Baldfaced Hornet

Dolichovespula maculata
Tuesday, July 22, 2014

            The completely interdependent communities formed by social wasps, such as the baldfaced hornet, are often described as superorganisms. The idea of a superorganism was defined in the early 1930s by the social insect researcher Alfred Emerson, who wrote that “the whole colony behaves as a single animal, the state is selected, not the single individuals; and the various forms behave exactly like the parts of one individual in the course of ordinary selection.” A paper published in 2009 restates that idea in somewhat different terms by defining group adaptionism as “the idea that groups of organisms can be viewed as adaptive units in their own right” (Gardner and Graffen). According that paper, such systems only occur where the group is either composed of genetically identical individuals, of where competition within the group is repressed. In the case of the baldfaced hornet and many other social insects, the former is true.

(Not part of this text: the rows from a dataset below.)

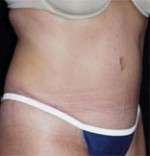 Abdominoplasty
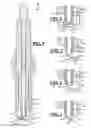 Fig. 02 - Electrode material for a spark plug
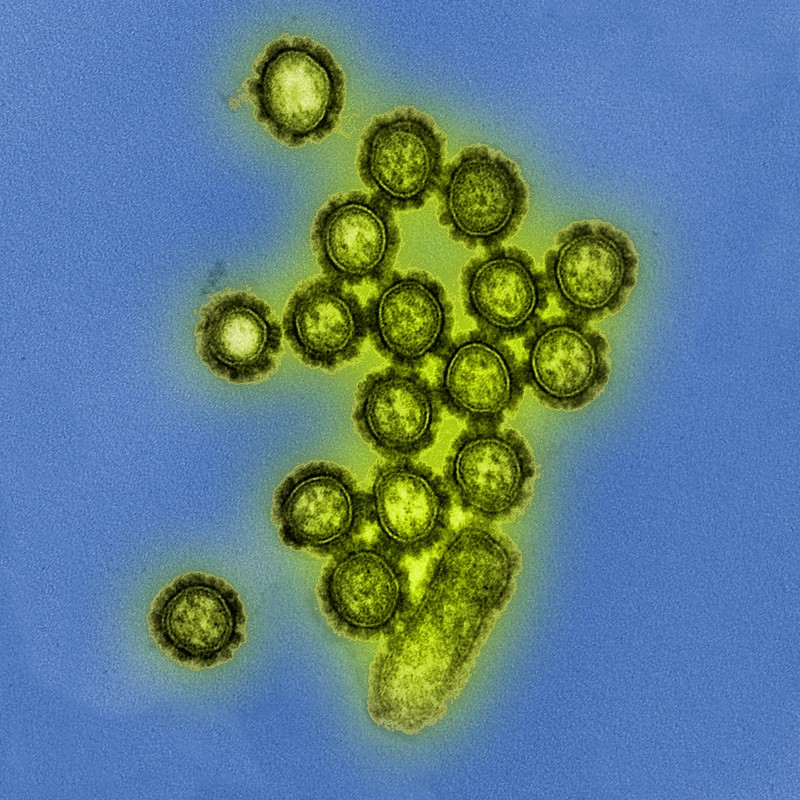 Watching the Influenza Virus as it Sneaks Into Cells | Cell And ...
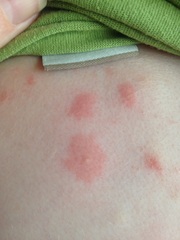 Does anyone recognise these bites?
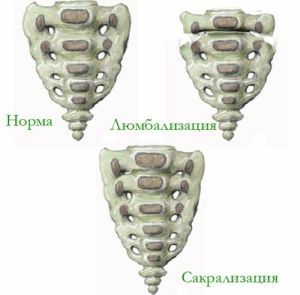 Lumbarização s1 - anomalia do desenvolvimento da coluna vertebral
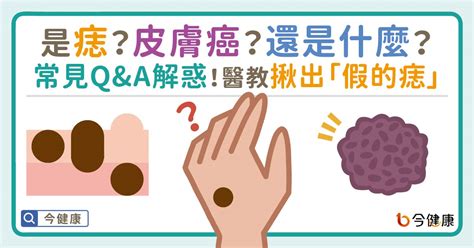 痣多的原因|是痣？皮膚癌？還是什麼？常見Q&A解惑！醫教揪出「。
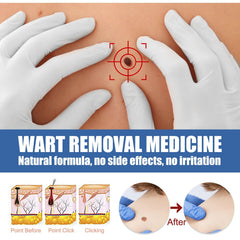 Wart Removal Body Warts Treatment Cream Foot Care Cream Skin Tag Remover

            Queens—fertile females—are the only members of this species that survive the winter. In the spring, a queen will emerge from a hiding place in a hollow tree, under rocks or bark, or inside walls and set about building a nest. Alone, she gathers cellulose from weathered or rotting wood and mixes it into a paste with her own saliva. She uses the mixture, which dries into a paper-like substance, to shape the outside of a small nest and build several brood cells on the inside. Into these, she lays eggs that will hatch into sterile females genetically identical to her herself (workers). After they hatch, she feeds and tends the larvae until they become adults, at which point they assume all the responsibilities of building and protecting the nest, gathering food, and tending to the larvae. The queen does not leave the nest for the rest of her life.

            All summer, the queen continues to lay worker eggs, which other workers feed with premasticated insects (particularly other yellow jackets) they hunt, kill, and carry back to the nest. Large nests can sometimes contain 400 individuals. As fall approaches, workers construct a new set of larger brood cells intended for young queens. Larvae raised in those cells receive more food than their sisters raised in smaller cells. However, the only differences between queens and workers is in gene expression—if worker larvae are moved to larger brood cells at an early enough age and receive the extra ministrations intended for young queens, they, too will develop into fertile queens. At the same time, the queen begins to lay eggs that will develop into males. When they are mature, the young queens and the males leave the nest and mate. Around the same time, the old queen dies, beginning a breakdown of the social order in the nest. By the first frost, all members of the hive will have died except for the new queens.

            Despite its name, this is not a true hornet but rather a yellow jacket, misleadingly labelled because of its large size. As well as being the largest of the native yellow jackets, its distinctive white-and-black body sets it apart from the yellow-and-black patterns common in most other species. Queens, typically the largest individual in the colony, can reach 20 mm in length. They have a different abdominal pattern than workers, with white markings present on the upperside of their third abdominal segment, as well as the fourth, fifth, and sixth as workers display. Males have seven abdominal segments, and also display white markings on the final four.

            These insects build nests in trees and bushes that can reach 60 cm in height and 45 in width. These nests can be found anywhere from one meter off the ground to 18 meters in the air. D. maculata is mainly diurnal, and workers tend to retreat to the nest at nightfall. This individual is a sterile female worker captured from a nest on the station.